Yeah there are people ITT claiming that even the API model marked as 3/14 release version is different than it used to be. I guess that's not entirely outside the realm of possibility (if OpenAI is just lying), but I think it's way more likely this thread is mostly evidence of the honeymoon effect wearing off.
The specific complaints have been well-established weaknesses of GPT for awhile now too: hallucinating APIs, giving vague/"both sides" non-answers to half the questions you ask, etc. Obviously it's a great technical achievement but people seemed to really overreact initially. Now that they're coming back to Earth, cue the conspiracy theories about OpenAI.
Could be. But it could also be that those people (myself included) are right.
It's not that this is without precedent - there's a paper and a YouTube video with Microsoft person saying on record that GPT-4 started to get less capable with every release, ever since OpenAI switched focus to "safety" fine-tuning, and MS actually benchmarked it by applying the same test (unicorn drawing in tikz), and that was even before public release.
Myself, sure, it may be novelty effect, or Baader–Meinhof phenomenon - but in the days before this thread, I observed that:
- Bing Chat (which I haven't used until ~week ago; before, I used GPT-4 API access) has been giving surface-level and lazy answers -- I blamed, and still mostly blame it on search capability, as I noticed GPT-4 (API) through TypingMind also gets dumber if you enable web search (which, in the background, adds some substantial amount of instructions to the system prompt) -- however,
- GPT-4 via Azure (at work) and via OpenAI API (personal) both started to get lazy on me; before about 2-3 weeks ago, they would happily print and reprint large blocks of code for me; in the last week or two, both models started putting placeholder comments; this I noticed, because I use the same system prompt for coding tasks, and the first time the model ignored my instructions to provide a complete solution, opting to add placeholder comments instead, was quite... startling.
- In those same 2-3 weeks, I've noticed GPT-4 via Azure being more prone to give high-level overview answers and telling me to ask for more help if I need it (I don't know if this affected GPT-4 API via OpenAI; it's harder to notice with the type of queries I do for personal use);
All in all, I've noticed that over past 2-3 weeks, I was having to do much more hand-holding and back-and-forth with GPT-4 than before. Yes, it's another anecdote, might be novelty or Baader–Meinhof, but with so many similar reports and known precedents, maybe there is something to it.
Fair enough, I think it's realistic that an actual change is part of the effect with the ChatGPT interface, because it has gotten so much attention from the general public. Azure probably fits that somewhat as well. I just don't really see why they would nerf the API and especially why they would lie about the 3/14 model being available for query when secretly it's changing behind the scenes.
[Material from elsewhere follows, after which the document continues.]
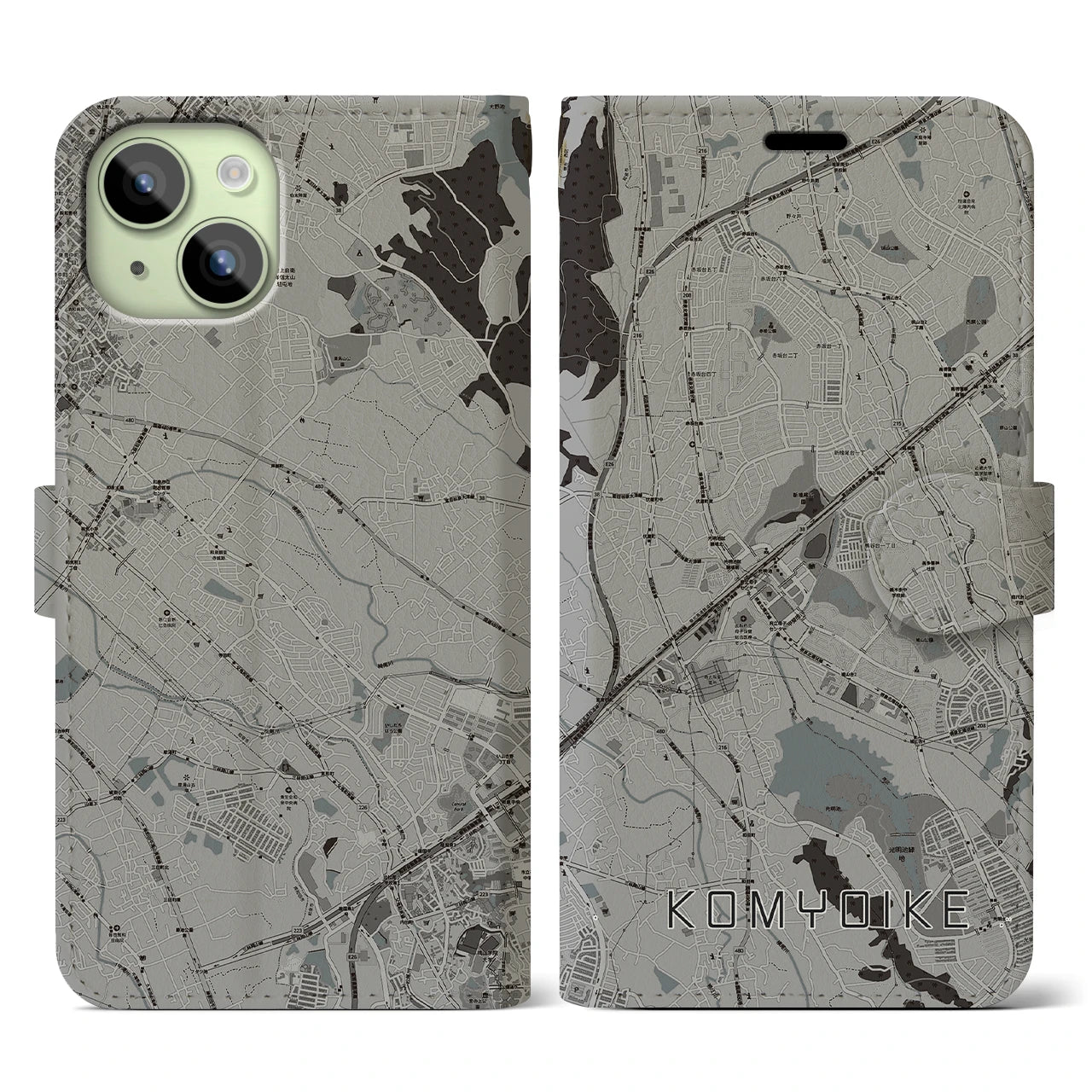 【光明池(大阪府)】地図柄iPhoneケース(手帳タイプ)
FWIW I was pretty convinced this happened with Dall-E 2 for a little while, and again maybe it did to some extent (they at least decreased the number of images so the odds of a good one appearing decreased). But also when I looked back at some of the earlier images I linked for people on request threads I found there were more duds than I remembered. The good ones were just so mind blowing at first that it was easy to ignore bad responses (plus it was free then).
The specific complaints have been well-established weaknesses of GPT for awhile now too: hallucinating APIs, giving vague/"both sides" non-answers to half the questions you ask, etc. Obviously it's a great technical achievement but people seemed to really overreact initially. Now that they're coming back to Earth, cue the conspiracy theories about OpenAI.